**Data in this exercise:**
************

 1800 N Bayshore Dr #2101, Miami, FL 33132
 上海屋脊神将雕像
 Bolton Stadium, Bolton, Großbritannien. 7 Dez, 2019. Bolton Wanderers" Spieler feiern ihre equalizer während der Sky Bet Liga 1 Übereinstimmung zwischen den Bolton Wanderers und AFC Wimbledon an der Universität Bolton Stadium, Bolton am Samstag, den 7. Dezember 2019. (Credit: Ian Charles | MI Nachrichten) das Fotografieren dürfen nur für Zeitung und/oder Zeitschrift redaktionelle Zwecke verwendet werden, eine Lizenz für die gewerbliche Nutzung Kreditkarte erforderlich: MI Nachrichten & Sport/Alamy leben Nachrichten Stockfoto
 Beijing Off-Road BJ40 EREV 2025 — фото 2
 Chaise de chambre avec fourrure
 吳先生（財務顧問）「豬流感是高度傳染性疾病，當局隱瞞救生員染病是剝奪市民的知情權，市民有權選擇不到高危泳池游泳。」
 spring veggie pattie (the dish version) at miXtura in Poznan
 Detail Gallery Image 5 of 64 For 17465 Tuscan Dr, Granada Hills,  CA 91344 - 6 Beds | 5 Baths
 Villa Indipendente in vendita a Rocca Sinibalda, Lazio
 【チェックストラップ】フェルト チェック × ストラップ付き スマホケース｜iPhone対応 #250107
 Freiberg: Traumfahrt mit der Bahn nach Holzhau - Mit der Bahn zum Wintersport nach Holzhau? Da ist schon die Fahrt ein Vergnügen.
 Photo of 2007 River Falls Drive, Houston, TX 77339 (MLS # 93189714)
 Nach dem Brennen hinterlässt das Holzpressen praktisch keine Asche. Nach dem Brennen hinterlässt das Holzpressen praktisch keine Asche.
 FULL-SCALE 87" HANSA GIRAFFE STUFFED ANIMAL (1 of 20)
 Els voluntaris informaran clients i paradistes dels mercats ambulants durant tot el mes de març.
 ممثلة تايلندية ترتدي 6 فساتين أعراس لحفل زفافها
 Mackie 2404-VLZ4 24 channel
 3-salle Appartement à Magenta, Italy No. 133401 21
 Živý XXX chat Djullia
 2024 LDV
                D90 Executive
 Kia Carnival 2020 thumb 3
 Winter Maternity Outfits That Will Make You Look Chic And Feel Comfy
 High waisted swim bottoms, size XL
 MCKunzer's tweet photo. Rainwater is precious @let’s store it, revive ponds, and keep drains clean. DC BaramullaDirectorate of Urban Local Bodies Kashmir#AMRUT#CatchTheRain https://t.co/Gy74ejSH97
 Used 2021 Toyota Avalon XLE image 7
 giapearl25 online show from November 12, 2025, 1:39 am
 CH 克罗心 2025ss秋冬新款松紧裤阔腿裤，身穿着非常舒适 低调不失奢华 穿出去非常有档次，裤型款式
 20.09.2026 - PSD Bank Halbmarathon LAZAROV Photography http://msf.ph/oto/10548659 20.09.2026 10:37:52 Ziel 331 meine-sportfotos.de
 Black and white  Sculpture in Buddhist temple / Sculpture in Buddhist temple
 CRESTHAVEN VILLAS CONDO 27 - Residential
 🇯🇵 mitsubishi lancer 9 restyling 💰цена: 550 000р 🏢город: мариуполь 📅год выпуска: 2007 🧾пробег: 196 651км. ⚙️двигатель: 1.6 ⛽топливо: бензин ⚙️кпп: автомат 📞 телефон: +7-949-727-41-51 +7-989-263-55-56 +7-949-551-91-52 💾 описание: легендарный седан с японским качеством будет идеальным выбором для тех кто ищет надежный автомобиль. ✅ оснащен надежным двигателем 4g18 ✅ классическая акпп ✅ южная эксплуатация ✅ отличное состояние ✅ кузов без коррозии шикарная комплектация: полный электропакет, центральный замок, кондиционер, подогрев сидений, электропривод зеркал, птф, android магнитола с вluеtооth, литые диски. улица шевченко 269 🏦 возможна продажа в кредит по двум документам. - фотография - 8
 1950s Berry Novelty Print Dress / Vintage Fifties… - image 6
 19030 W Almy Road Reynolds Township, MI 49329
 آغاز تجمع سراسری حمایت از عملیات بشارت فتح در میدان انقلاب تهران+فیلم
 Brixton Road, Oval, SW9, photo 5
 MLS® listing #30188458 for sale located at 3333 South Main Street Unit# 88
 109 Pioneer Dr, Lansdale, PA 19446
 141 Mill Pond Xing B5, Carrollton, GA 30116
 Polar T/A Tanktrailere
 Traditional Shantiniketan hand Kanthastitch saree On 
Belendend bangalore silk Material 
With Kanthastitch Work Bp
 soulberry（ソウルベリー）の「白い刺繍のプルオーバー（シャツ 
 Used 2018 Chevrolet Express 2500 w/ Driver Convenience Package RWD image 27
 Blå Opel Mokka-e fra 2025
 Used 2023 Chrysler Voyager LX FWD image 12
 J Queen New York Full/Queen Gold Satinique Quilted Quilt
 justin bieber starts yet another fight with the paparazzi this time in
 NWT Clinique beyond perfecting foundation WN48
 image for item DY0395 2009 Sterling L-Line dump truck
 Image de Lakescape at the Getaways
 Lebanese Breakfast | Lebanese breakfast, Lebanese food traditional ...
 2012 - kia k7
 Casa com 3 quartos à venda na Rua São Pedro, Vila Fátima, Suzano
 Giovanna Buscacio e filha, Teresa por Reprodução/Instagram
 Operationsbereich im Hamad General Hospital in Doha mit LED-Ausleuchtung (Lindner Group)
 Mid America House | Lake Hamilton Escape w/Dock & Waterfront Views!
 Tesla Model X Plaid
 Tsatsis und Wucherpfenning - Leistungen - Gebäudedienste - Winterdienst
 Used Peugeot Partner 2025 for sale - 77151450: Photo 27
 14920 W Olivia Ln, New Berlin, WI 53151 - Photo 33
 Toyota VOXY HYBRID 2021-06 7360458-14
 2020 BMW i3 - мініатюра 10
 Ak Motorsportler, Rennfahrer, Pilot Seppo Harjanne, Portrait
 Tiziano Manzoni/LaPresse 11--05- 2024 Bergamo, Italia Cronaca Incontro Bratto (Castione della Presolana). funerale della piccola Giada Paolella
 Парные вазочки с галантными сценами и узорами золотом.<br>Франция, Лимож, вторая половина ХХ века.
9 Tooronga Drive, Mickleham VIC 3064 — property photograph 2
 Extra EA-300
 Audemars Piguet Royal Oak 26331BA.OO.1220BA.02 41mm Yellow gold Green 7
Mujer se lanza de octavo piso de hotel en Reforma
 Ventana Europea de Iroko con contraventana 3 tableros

************

**Your assignment:** Retype, exactly and with nothing added, the lines of the material above from the first through the one that contains "Beijing Off-Road BJ40 EREV 2025 — фото 2".

**Answer for the task:**
 1800 N Bayshore Dr #2101, Miami, FL 33132
 上海屋脊神将雕像
 Bolton Stadium, Bolton, Großbritannien. 7 Dez, 2019. Bolton Wanderers" Spieler feiern ihre equalizer während der Sky Bet Liga 1 Übereinstimmung zwischen den Bolton Wanderers und AFC Wimbledon an der Universität Bolton Stadium, Bolton am Samstag, den 7. Dezember 2019. (Credit: Ian Charles | MI Nachrichten) das Fotografieren dürfen nur für Zeitung und/oder Zeitschrift redaktionelle Zwecke verwendet werden, eine Lizenz für die gewerbliche Nutzung Kreditkarte erforderlich: MI Nachrichten & Sport/Alamy leben Nachrichten Stockfoto
 Beijing Off-Road BJ40 EREV 2025 — фото 2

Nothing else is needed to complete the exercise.